1. La denominazione legale ossia la denominazione dell’alimento (ad esempio olio d’oliva) dove non sia presente può essere sostituita con una denominazione descrittiva del prodotto stesso. L’allegato VI del Regolamento 1169/2011 definisce in modo specifico le indicazioni obbligatorie che devono accompagnare la denominazione dell’alimento come un’indicazione dello stato fisico nel quale il prodotto si trova o in riferimento al trattamento a cui è stato sottoposto (polvere, surgelato, affumicato) se tale omissione potrebbe trarre in inganno il consumatore. Se un prodotto alimentare è congelato all’origine e viene scongelato prima della vendita vige l’obbligo della designazione “decongelato”. Tutti gli alimenti che sono stati trattati con radiazioni ionizzanti devono riportare le seguenti indicazioni “irradiato” o “trattato con radiazioni ionizzanti”. Si ricorda che tale tecnologia viene applicata su alcuni prodotti alimentari (ad esempio caffè, cacao, spezie…) per permettere l’eliminazione di alcuni microrganismi che spesso sono fautori di svariate tossinfezioni alimentari o rallentare la maturazione o germogliazione allungando la shelf life del prodotto.
Uno dei casi più frequenti di frode in commercio è quello di vendita di alimenti che non rispondano – nella composizione e modalità di preparazione, nelle caratteristiche chimico-fisiche o nelle proprietà organolettiche – ai criteri definiti da apposite normative (europee o nazionali) per l’impiego della denominazione legale invece utilizzata.
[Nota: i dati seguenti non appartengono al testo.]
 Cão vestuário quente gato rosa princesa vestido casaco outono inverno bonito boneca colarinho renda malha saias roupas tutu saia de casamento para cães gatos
L’ipotesi più ricorrente è quella di miscele di oli d’oliva vergini e raffinati venduti come extra-vergini.
2. L’elenco degli ingredienti (articolo 18) deve comprende tutti gli ingredienti dell’alimento in ordine decrescente di peso; qualora gli ingredienti non siano riportati in fedele ordine decrescente di peso – in particolare, quando da ciò derivi una falsa rappresentazione di maggior pregio della composizione dell’alimento – può configurarsi il delitto di frode in commercio.
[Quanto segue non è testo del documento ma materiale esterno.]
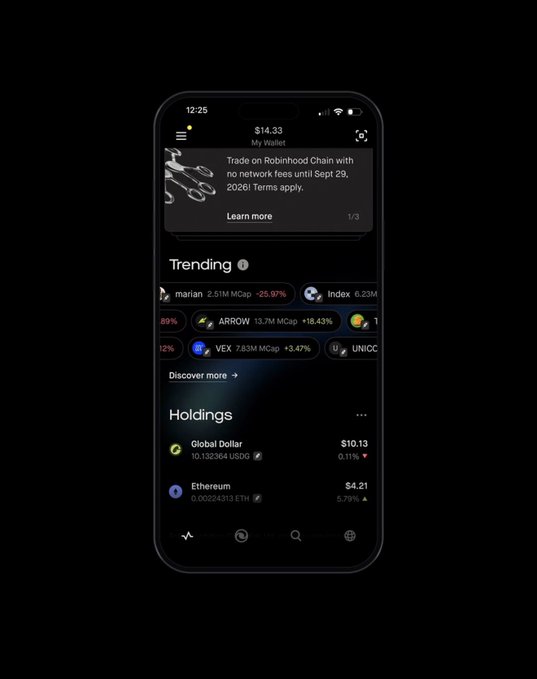 A cryptocurrency wallet app displays a balance of $14.33 with holdings including Global Dollar ($10.13) and Ethereum ($4.21), along with a trending section highlighting $VEX at 7.83M MCap (+3.47%), which aligns with the post's mention of $VEX in the context of an agentic capital market.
Quelli presenti sotto forma di nanomateriali devono essere riportati preceduti dalla dicitura “nano”. Per alcuni elementi (acque gassificate, aceti, ortofrutta fresca, latte, burro o formaggi in cui non vi sono aggiunte di ingredienti differenti dai prodotti derivati dal latte o microrganismi ed enzimi necessari alla loro fabbricazione) non è richiesto l’elenco degli ingredienti. Le stesse bevande alcoliche non hanno l’obbligo dell’elenco ingredienti.
L’incompletezza della lista degli ingredienti laddove l’omissione risulti funzionale ad attribuire al prodotto un valore superiore rispetto a quello effettivo risulta essere una frode. A maggior ragione ove a ciò si accompagnino false dichiarazioni del tipo ‘free from…’ (es. senza conservanti, in un prodotto che invece li contenga senza tuttavia citarli in elenco). Giova inoltre sottolineare un altro rischio di illecito penale legato alla incompletezza della lista degli ingredienti, che ricorre nel caso di mancata citazione della presenza di ingredienti allergenici (lesioni o omicidio colposo, in ipotesi di reazione patologica di consumatori vulnerabili).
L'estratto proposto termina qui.